Prosthetic limbs aren’t exactly new – the ancient Egyptians tinkered with them as far back as 950–710 BC. But until recently, they haven’t really replaced anything. They’ve been mostly for show, with limited function and little biomechanical feedback.

“Biomimetic sensory feedback” is critical for reproducing the feel of an actual limb, and that in turn, is necessary for fine motor skills. Without that feedback, the prostheses would crush soft objects, and the “LUKE Arm” (named after some guy from an obscure Sci-Fi franchise) addresses that exact problem.

The researchers describe their findings in a paper titled “Biomimetic sensory feedback through peripheral nerve stimulation improves dexterous use of a bionic hand.”

According to their abstract, “Activation of contact sensors on the prosthesis resulted in intraneural microstimulation of residual sensory nerve fibers through chronically implanted Utah Slanted Electrode Arrays, thereby evoking tactile percepts on the phantom hand.”

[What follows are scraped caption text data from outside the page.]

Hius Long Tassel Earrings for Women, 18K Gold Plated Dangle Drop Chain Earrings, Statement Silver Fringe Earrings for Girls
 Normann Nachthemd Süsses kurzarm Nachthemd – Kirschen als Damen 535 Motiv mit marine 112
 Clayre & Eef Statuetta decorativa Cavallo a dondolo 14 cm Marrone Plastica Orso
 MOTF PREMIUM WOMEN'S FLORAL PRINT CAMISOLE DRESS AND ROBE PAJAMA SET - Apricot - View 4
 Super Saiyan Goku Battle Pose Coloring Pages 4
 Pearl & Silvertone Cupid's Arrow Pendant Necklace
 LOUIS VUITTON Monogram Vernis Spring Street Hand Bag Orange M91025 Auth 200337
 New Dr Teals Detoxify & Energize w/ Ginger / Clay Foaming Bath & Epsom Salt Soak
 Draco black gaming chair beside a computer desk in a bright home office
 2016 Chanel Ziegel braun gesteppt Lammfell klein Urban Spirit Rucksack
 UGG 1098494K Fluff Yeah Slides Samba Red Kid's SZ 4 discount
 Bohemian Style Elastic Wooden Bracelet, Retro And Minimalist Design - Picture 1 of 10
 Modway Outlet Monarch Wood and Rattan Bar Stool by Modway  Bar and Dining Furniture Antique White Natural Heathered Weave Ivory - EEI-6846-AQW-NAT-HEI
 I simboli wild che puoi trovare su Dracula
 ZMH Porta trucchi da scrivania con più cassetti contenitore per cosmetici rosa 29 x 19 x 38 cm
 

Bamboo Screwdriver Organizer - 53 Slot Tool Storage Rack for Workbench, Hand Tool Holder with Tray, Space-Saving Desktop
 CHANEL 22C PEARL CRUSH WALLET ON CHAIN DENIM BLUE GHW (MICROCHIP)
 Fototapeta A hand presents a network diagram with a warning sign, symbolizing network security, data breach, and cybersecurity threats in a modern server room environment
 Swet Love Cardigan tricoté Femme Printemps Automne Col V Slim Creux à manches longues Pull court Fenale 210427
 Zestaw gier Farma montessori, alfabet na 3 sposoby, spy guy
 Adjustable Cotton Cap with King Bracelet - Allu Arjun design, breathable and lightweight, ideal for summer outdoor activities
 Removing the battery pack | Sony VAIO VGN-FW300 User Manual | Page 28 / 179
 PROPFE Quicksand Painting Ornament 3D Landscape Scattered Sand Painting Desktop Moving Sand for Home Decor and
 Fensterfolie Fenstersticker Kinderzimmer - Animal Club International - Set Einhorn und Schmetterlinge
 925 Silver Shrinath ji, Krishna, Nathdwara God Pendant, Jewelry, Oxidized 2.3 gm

In other words, it let the tester feel things. With great accuracy.

Keven Walgamott, who lost his left hand and part of his forearm in an electrical accident, was able to handle grapes and eggs without squashing them, and he was even able to hold his wife’s hand with authentic tactile feedback.

The researchers claim Walgamott was “able to distinguish between small and large objects and between soft and hard ones,” and while study participants won't be able to take one home until 2020 or 2021, this is a huge step forward for biomechanical prostheses.